La delicata mediazione tra Qatar e Hamas per una tregua a Gaza
Da dodici anni, l’emiro del Qatar ospita i leader di Hamas. Tuttavia, da un mese a questa parte, è stato chiesto loro di prepararsi al trasloco. Il messaggio è stato trasmesso dal segretario di Stato americano Antony Blinken al premier qatariota Mohammed bin Abdulrahman Al Thani in aprile. Gli Stati Uniti avevano già chiesto al piccolo regno del Golfo di offrire una sede ai leader dell’organizzazione nel 2012, con l’obiettivo di mantenere aperto un canale di comunicazione per mediare con il gruppo che ha preso il controllo di Gaza nel 2007.
Adesso, Blinken sta esercitando tutte le pressioni necessarie, incluso lo sfratto, affinché Hamas accetti l’ultima proposta discussa dai negoziatori in Egitto. Ha chiarito al Qatar che una risposta negativa non è accettabile. Attraverso i media sauditi, i jihadisti hanno lasciato intendere che sono disposti a procedere con il piano di tregua, suddiviso in tre fasi. Durante la prima fase, della durata di sei settimane, verrebbero rilasciati 33 ostaggi israeliani, tra cui donne, minori, anziani e malati.

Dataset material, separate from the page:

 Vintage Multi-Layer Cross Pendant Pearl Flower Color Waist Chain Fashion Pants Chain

L’ipotesi di uno scambio di prigionieri e la posizione di Israele
Nei passaggi successivi, i soldati e gli uomini con meno di 50 anni verrebbero scambiati con altri detenuti palestinesi. Secondo fonti saudite, Israele sarebbe pronto a scarcerare Marwan Barghouti, condannato a cinque ergastoli, a condizione che si trasferisca a Gaza. Barghouti, originario della Cisgiordania, è considerato da molti palestinesi, diplomatici internazionali e alcuni israeliani come l’unico vero successore dell’anziano presidente Abu Mazen.

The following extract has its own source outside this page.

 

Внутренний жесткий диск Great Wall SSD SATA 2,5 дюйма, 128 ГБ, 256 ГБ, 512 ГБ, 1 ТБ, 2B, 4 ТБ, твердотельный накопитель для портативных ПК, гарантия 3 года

Attualmente, i rappresentanti di Hamas sono al Cairo, mentre il primo ministro israeliano Benjamin Netanyahu avrebbe rinviato la partenza della delegazione guidata dal direttore del Mossad. Netanyahu ha anche lasciato trapelare due messaggi per ridurre le aspettative di una svolta nei negoziati. Una ‘fonte politica di alto livello’ ha ribadito che l’esercito procederà con l’invasione di Rafah. La stessa fonte ha spiegato che per Israele non è possibile aderire a un cessate il fuoco permanente. I leader di Hamas, invece, avevano dichiarato di aver ricevuto garanzie sulla fine del conflitto e il ritiro delle truppe dalla Striscia.
Le truppe israeliane entreranno a Rafah ‘molto presto’, ha dichiarato Tzahi Hanegbi, consigliere per la Sicurezza Nazionale e fedelissimo del premier, ai telegiornali del sabato sera. Hanegbi ha aggiunto che Yahya Sinwar, il pianificatore dei massacri del 7 ottobre, ‘non resterà vivo’. Secondo il Canale 12 israeliano, i segnali ‘positivi’ potrebbero essere una tattica di Hamas per guadagnare tempo.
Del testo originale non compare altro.